I hear you clearly. Trump by name recognition alone carried 30% of the Republican primary vote when the lion share of the vote was split between the rest of the herd. It was obvious that 10 others would have to drop out for anyone to beat him, but they wouldn't do it. Scott Walker tried to start the exodus, but they were too slow, and Trump just gained momentum until it was too late for him to be stopped.

 

 

 

 

 

Sure but how would you feel if say Captain Corruption Chris Christie had managed to squeak through instead. 

 

Or if you take an edge case: Your local primaries for things like the house are shit.Turnout for that stuff is pathetic. And with the republican parties appeal to the right, every so often some uber fundamentalist evangelical gets a decent chunk of the vote. Because hey you only need a few thousand people to vote for you in the primary due to that bad turn out, and the fundamentalist wing nuts will come out for the fundamentalist wing nut candidate. So now  you've got some whack job getting 15%-20% of the vote on a platform of instituting religious tests for school attendance or whatever bullshit. If you lived in Washington state, would you be all that happy Matt "Wants to institute a theocracy, and published a manual for terrorist holy war" Shea managed to get through the primary into the state legislature.

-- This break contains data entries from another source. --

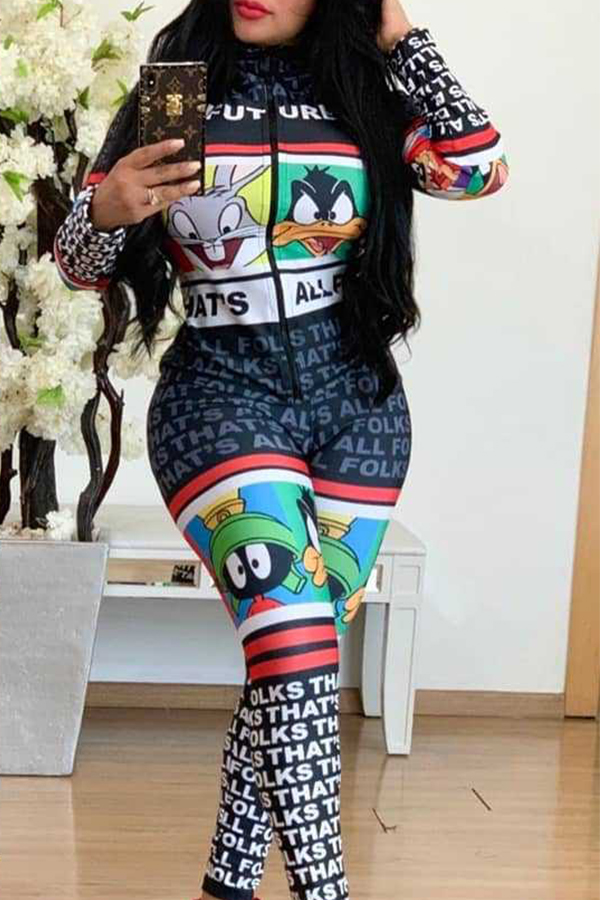 Lovely Trendy Printed Black One-piece Jumpsuit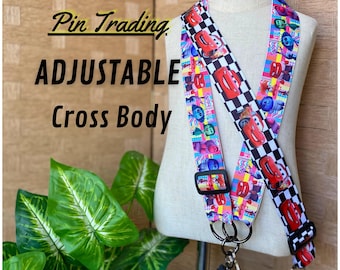Crossbody Pin Trading Lanyard with Wide Adjustable Strap | Comfortable Heavy Duty Pin Strap for Disney and Pixar Collectors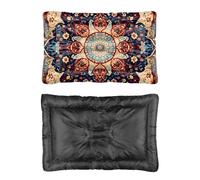 Hightopup Lit pour chien style persan mandala floral tapis de cage pour chien fond plat anti-mastication multi scénario grand meuble cadeau imprimé matelas 90 x 60 cm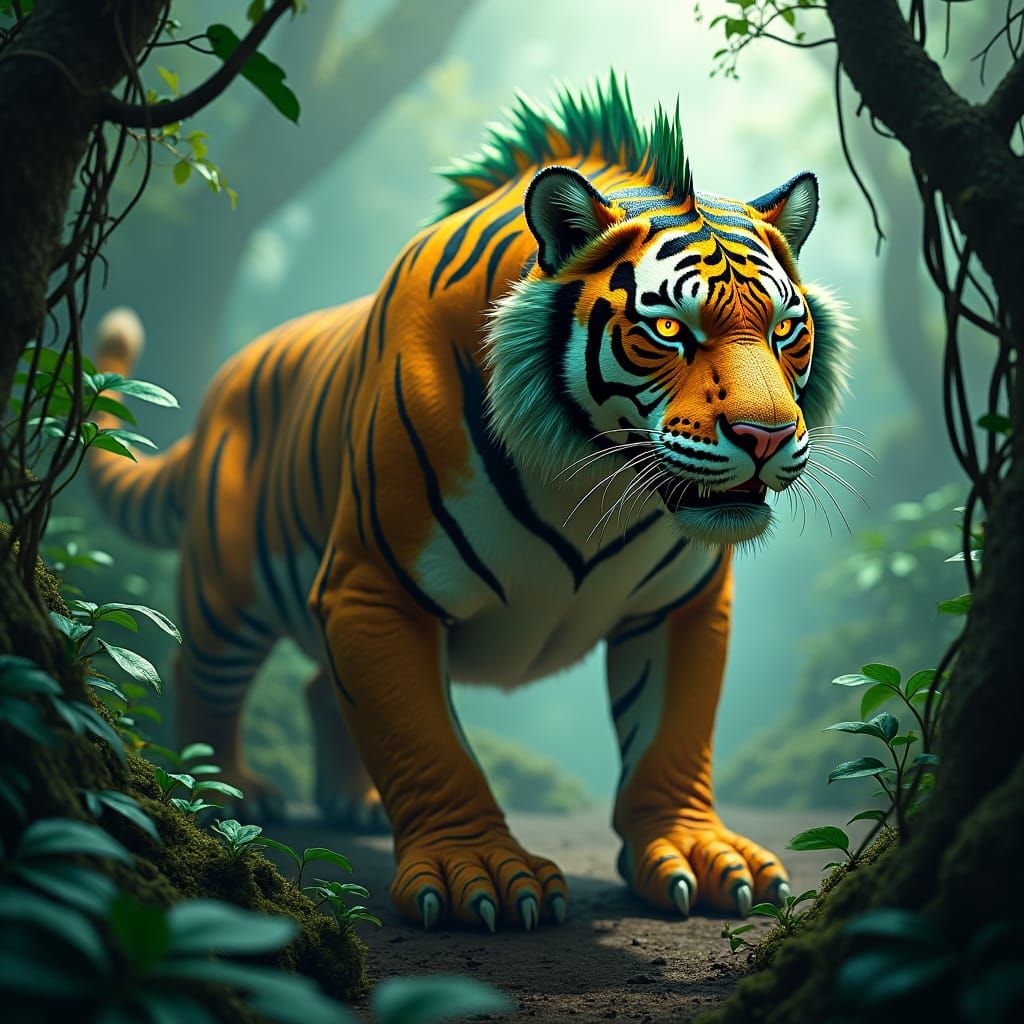 Majestic Harimau-Buaya Hybrid in Lush Jungle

Regardless of our differences, i don't think either of us would trust a guy who writes this shit to bother with the constitution, or rule of law, or "Not advocating for war crimes".  

 

Or in illinois, the republican party is so messed up that Arthur Jone ended up running unopposed. The dude is so vile that Bruce Rauner (as in the Republican governor) took a bit of time out of running his own campaign for reelection to stump for Arthur Jone's Democrat opponent. Given that third party candidates have zero chance, right now you'd be forced to just accept the primary and vote for a member of the American Nazi Party, stay home, or vote Democrat. Would you not prefer a system where you could at least take a look at the independent or third party candidates and while any of them might only get 3% or 4% of the vote, a larger percentage of the voters (say 10%  to 20% again) would collectively support at least one of them over either main party. 

 

Personally I also like the argument that ranked voting keeps parties honest. Your local republican has little interest in representing your views. Hopefully they do that for you, but realistically right now their campaign pitch could consist of walking up to you and pissing in your face and your choice would be to  vote blue, not vote, or say "yes sir can I have some more" and vote for them anyways. If there's a third party or independent candidate you like more, but you could still tolerate whoever is on the republican ticket, some form of ranked voting lets you vote for them without screwing yourself over with the spoiler effect. And if a third party candidate gets a large percentage of them popular vote, that'll sure as hell make the republican party sit up and take notice. Like if the vote goes 40/30/20 D/R/L  that'd be a big wake up call that the republcains better get their shite together or next time it might be the same split but D/L/R.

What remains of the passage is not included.